■ **YOUR OBJECTIVE**
Every line of the listing should be retyped exactly, but none of the pictures should be.

■ **MATERIAL PROVIDED**

◆ ◆ ◆ ◆

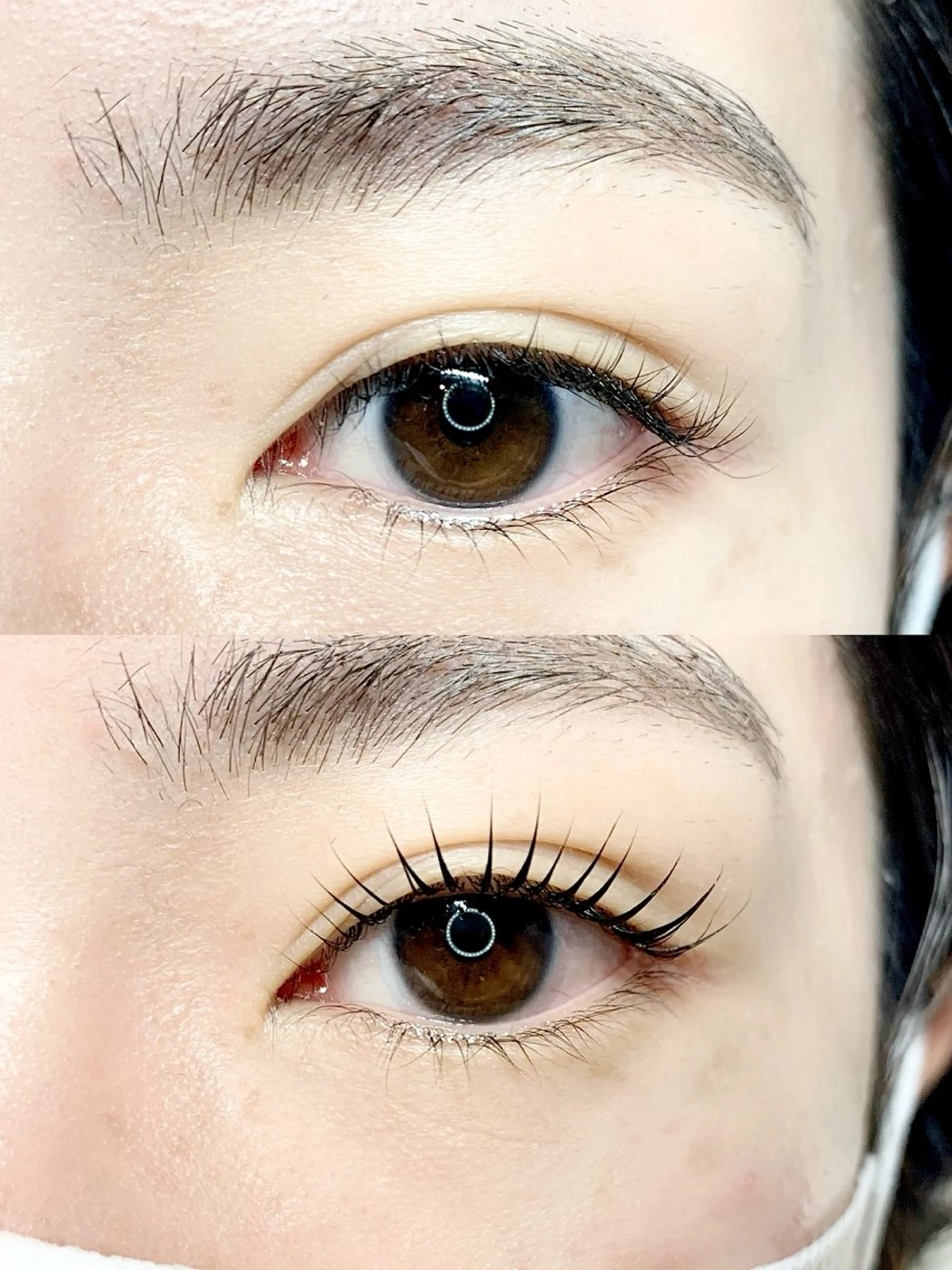 マツエク・マツパ マツパ hirakawa .のマツエク・マツパデザイン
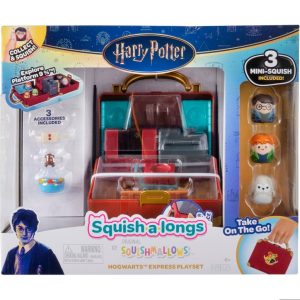 Squishmallows Squishalongs Harry Potter Speelset Hogwarts Expres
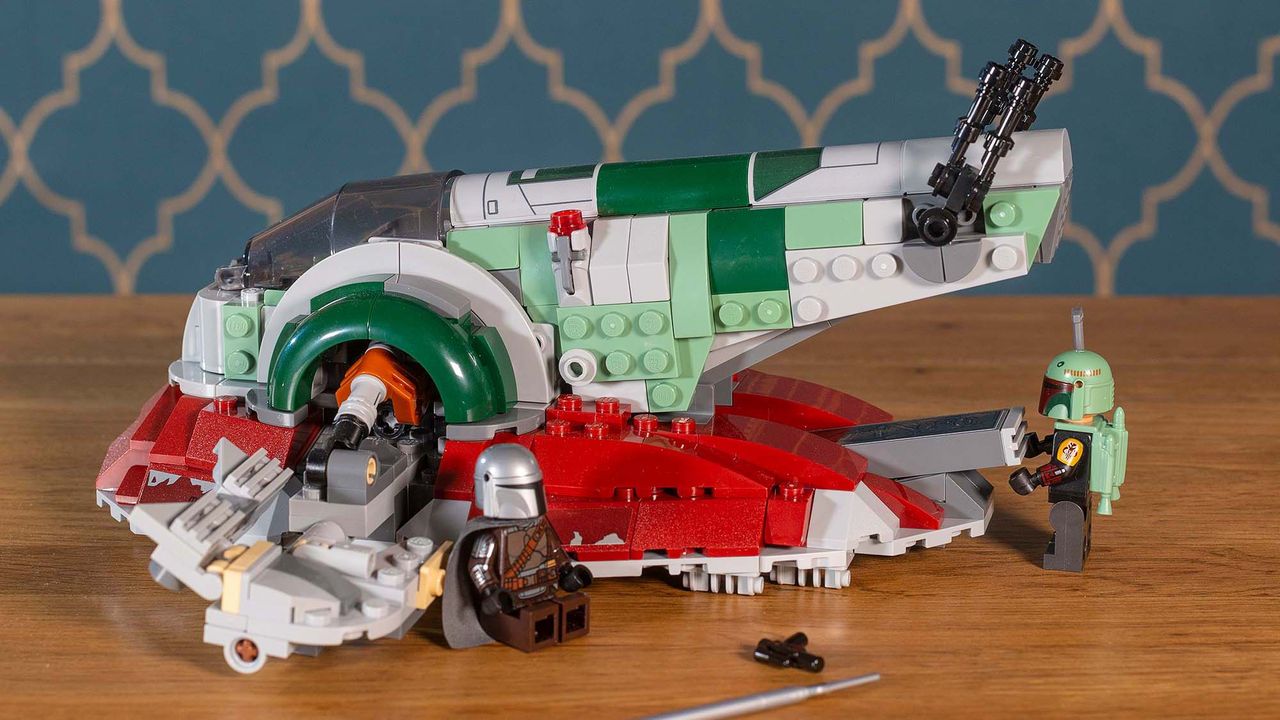 Boba Fett's Starship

◆ ◆ ◆ ◆

■ **REPLY TO THE TASK**
 マツエク・マツパ マツパ hirakawa .のマツエク・マツパデザイン
 Squishmallows Squishalongs Harry Potter Speelset Hogwarts Expres
 Boba Fett's Starship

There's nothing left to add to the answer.